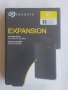 Seagate Expansion 2Tb SRD0NF1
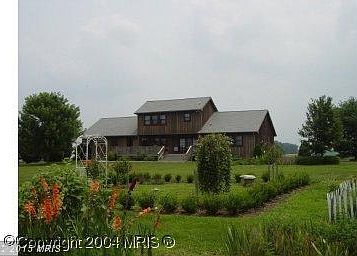 Exterior (Main)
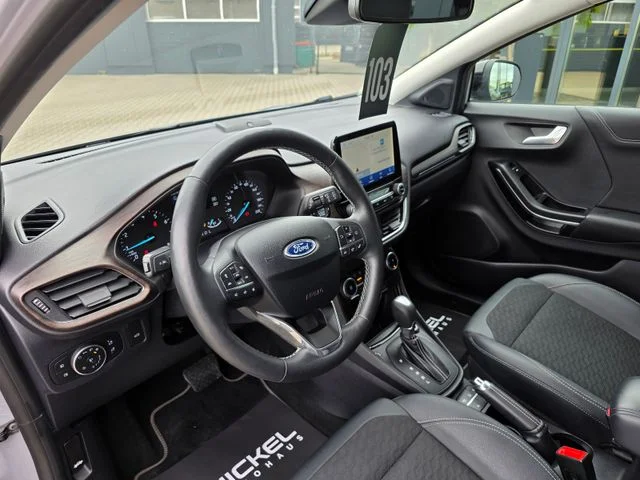 Ford Puma – 30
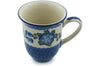 15 oz Mug - Heritage | Polish Pottery House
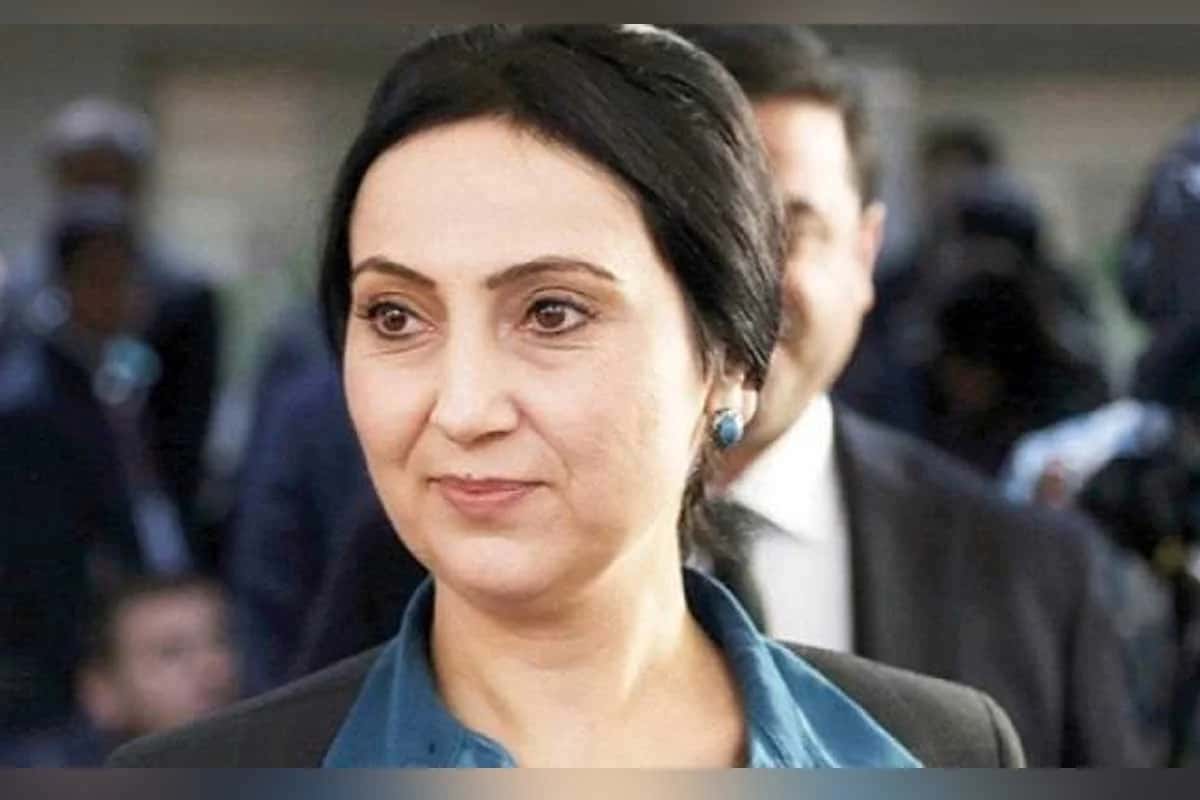 Figen Yüksekdağ’ın ağabeyi yaşamını yitirdi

==================================================

**Instructions to follow**
Everything from the line that contains "15 oz Mug - Heritage | Polish Pottery House" through the final line of the material should be returned exactly, except the pictures.

**Solution below**
 15 oz Mug - Heritage | Polish Pottery House
 Figen Yüksekdağ’ın ağabeyi yaşamını yitirdi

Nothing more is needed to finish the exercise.